Supreme Court: Executions off for those on death row

Court's decision to vacate police killer's death sentence will extend to the others on death row in Delaware.

Jessica Masulli Reyes
Delaware News Journal
Chief Justice Leo E. Strine, Jr., asks questions during the oral arguments in the case of D. Powell vs. State at the Delaware Supreme Court in Dover.

 

 

 

 

 

 

 

Twelve men on Delaware's death row will no longer be executed after the state Supreme Court found its ruling declaring the state's death penalty law unconstitutional should be applied retroactively.

The unanimous 15-page decision released Thursday only mentions the state's youngest death row inmate, Derrick Powell, but will apply to all the defendants sentenced to death. They will now be sentenced to life in prison without probation, parole or any other sentence reduction.

Brendan O'Neill, the state's chief defender, and Powell's attorney, Patrick Collins, applauded the decision.

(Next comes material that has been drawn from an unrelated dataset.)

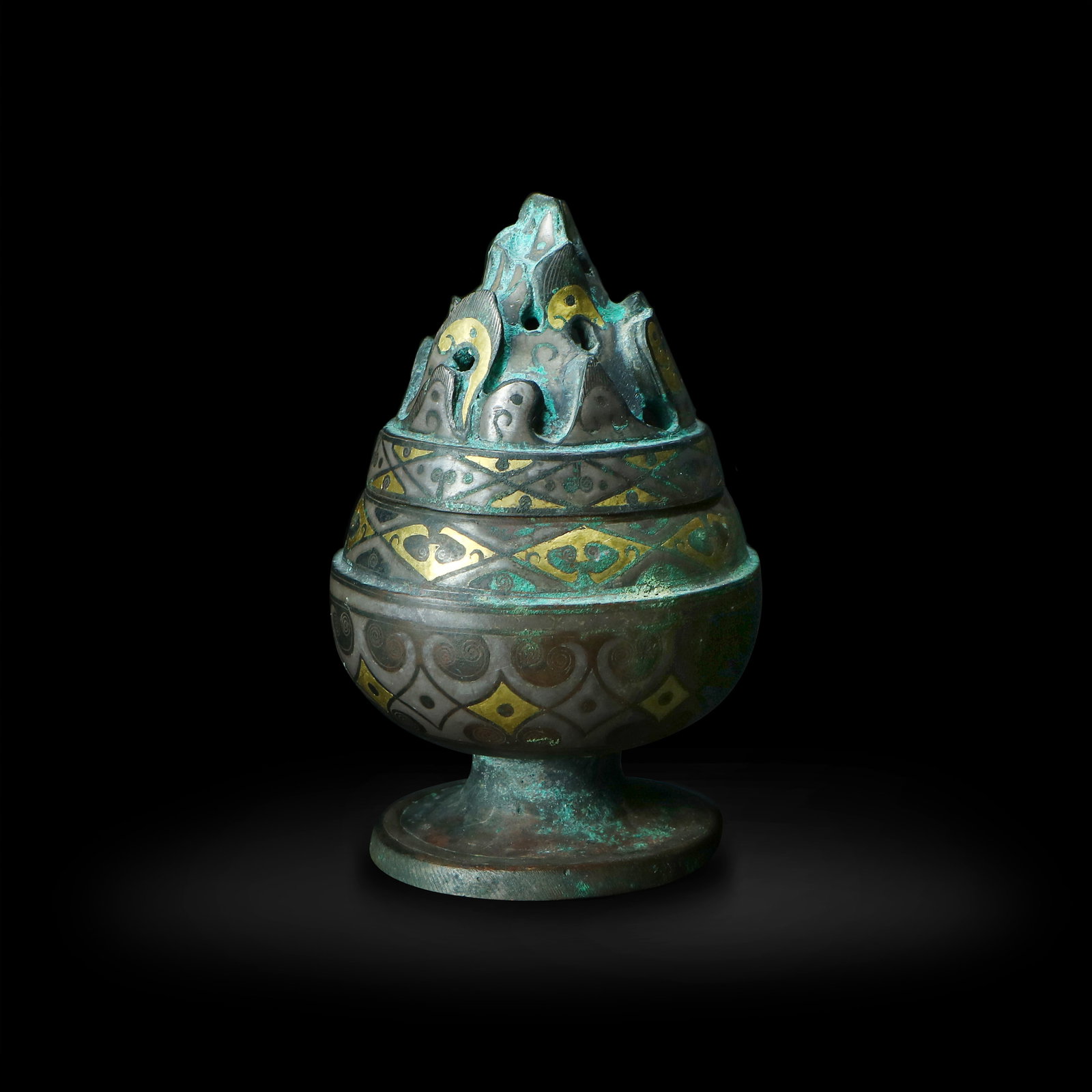 Han Dynasty Bronze boshan lu with gold and silver inlay: Name Han Dynasty Bronze boshan lu with gold and silver inlay Dimensions H:12cm D:7.8cm Condition Additional photographs and condition reports are available upon request as a courtesy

"Obviously we are very pleased and relieved by today's decision," Collins said. "Our Supreme Court today confirmed the fundamental right to a jury trial in Delaware, which our state has cherished from the very beginning."

O'Neill added: "It seems only just to correct a sentence of death, which was imposed under a system that has been deemed unconstitutional."

State prosecutors declined to comment.

A portrait of Georgetown Patrolman Chad Spicer lays among cards and candles at a makeshift memorial near where he was shot in September 2009. The Delaware Supreme Court has ruled the state's capital punishment law is unconstitutional, and therefore the men on death row – including the man convicted in his death – should not be executed.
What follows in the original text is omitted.